Three aspects of built heritage
The evolution of the built heritage concept is far from being complete. The subject has not preserved its topicality only due to the endless quarrel between those supporting the unconditional conservation of old architecture and those wishing to clear the land in order to make room for the architecture of the everlasting present. Heated debates are taking place in the conservatory side, in relation to the complex issues of conservation. The controversy went truly public with the confrontation, in England, between the non-interventionists (like John Ruskin) and the libertine restoration architects (such as George Gilbert Scott)14. It still continues to this day, in more nuanced terms yet with the same passion, between the supporters of reconstruction and those of minimal interventions, the champions of material authenticity and those of semantic continuity, the technological „purists” and the promoters of the latest building structures15. It would be difficult to foresee the future evolution of the historical monument, or its end goal: since we are dealing with a historical phenomenon, it will allegedly disappear at some point, as was the case with other cultural „inventions” before it. What is unmistakably clear is that the entire patrimonial syndrome is a modern phenomenon in full bloom.
I plan on discussing the modernity of built heritage in the light of three of its many aspects. These represent fairly different facets of the topic in question and address distinct levels of manifestation. My selection aims precisely at underlining, on one hand, the composite nature and the large scope of the phenomenon and on the other hand, the need to approach it from several perspectives.
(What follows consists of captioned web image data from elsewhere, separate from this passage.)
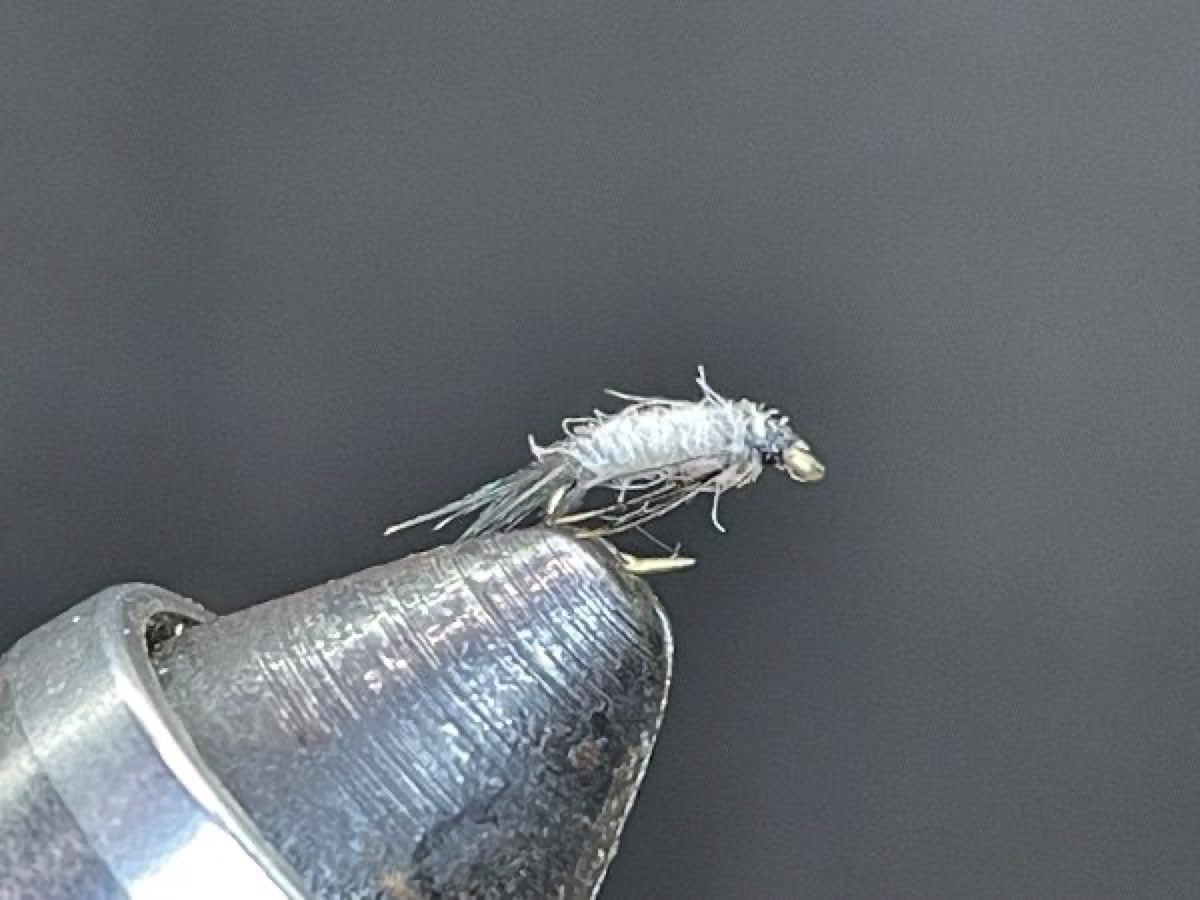 Trico Nymph (Tricorythodes) fly pattern tied by Brent Jones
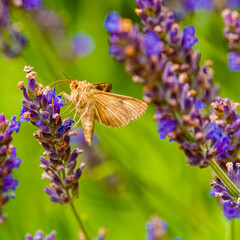 Autographa gamma, silver Y moth, on a sunny summer day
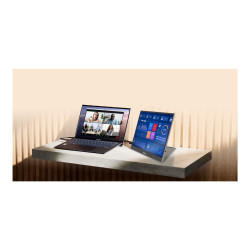 ASUS ZenScreen OLED MQ16AHE - Monitor OLED - 16" (15.6" visi | APLIUM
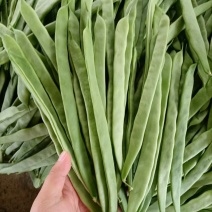 山西应县精品扁豆大量上市，质量好，货源充足，产地直供。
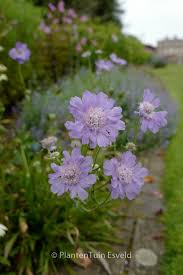 Image result for scabiosa caucasica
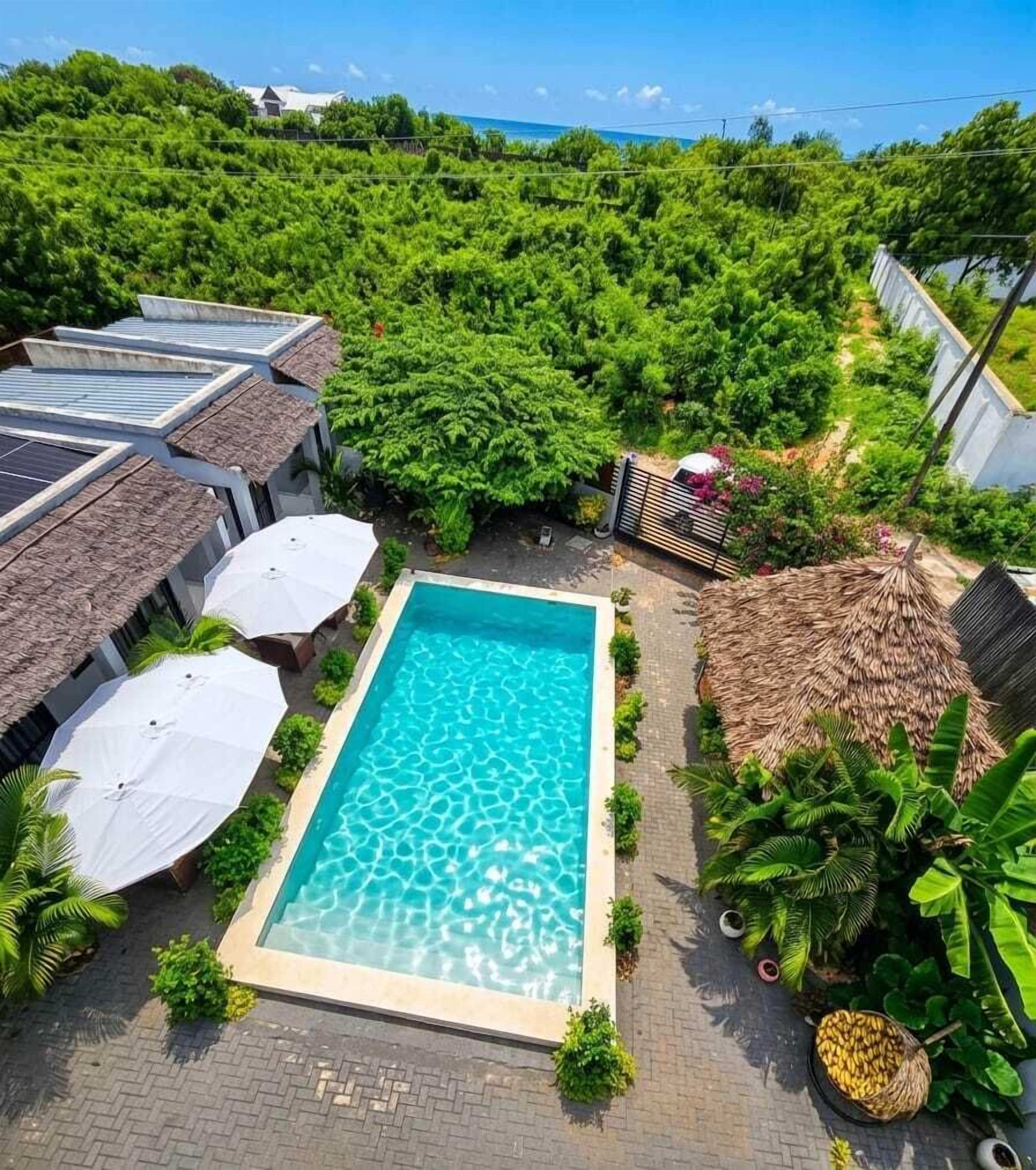 Una piscina en la azotea con vistas a abundante vegetación y un cielo despejado.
1. The idea of historical monument is „modern” in and of itself as we are dealing with a relatively recent invention. While „intentional”16 monuments display, without exception, the features of a universal cultural phenomenon17, the historical monuments (or, in Riegl’s view, „unintentional”) have been found at the core of the ancient built environment only since the Enlightment and only in Europe. In the second half of the 14th century, „two original enterprises proper to humanists and artists” have contributed to the acknowledgement of „history as a discipline and of art as a self-contained activity”18. The process was part of the far-reaching shift of mentality covered by the European notion of history, a genuine „mutation” involving a detached perception of the past, the search for the meaning of anachronism and the emergence of a „healthy scepticism” on the authenticity of certain ancient documents19; in other words, a new sense of the difference-past relationship was taking shape.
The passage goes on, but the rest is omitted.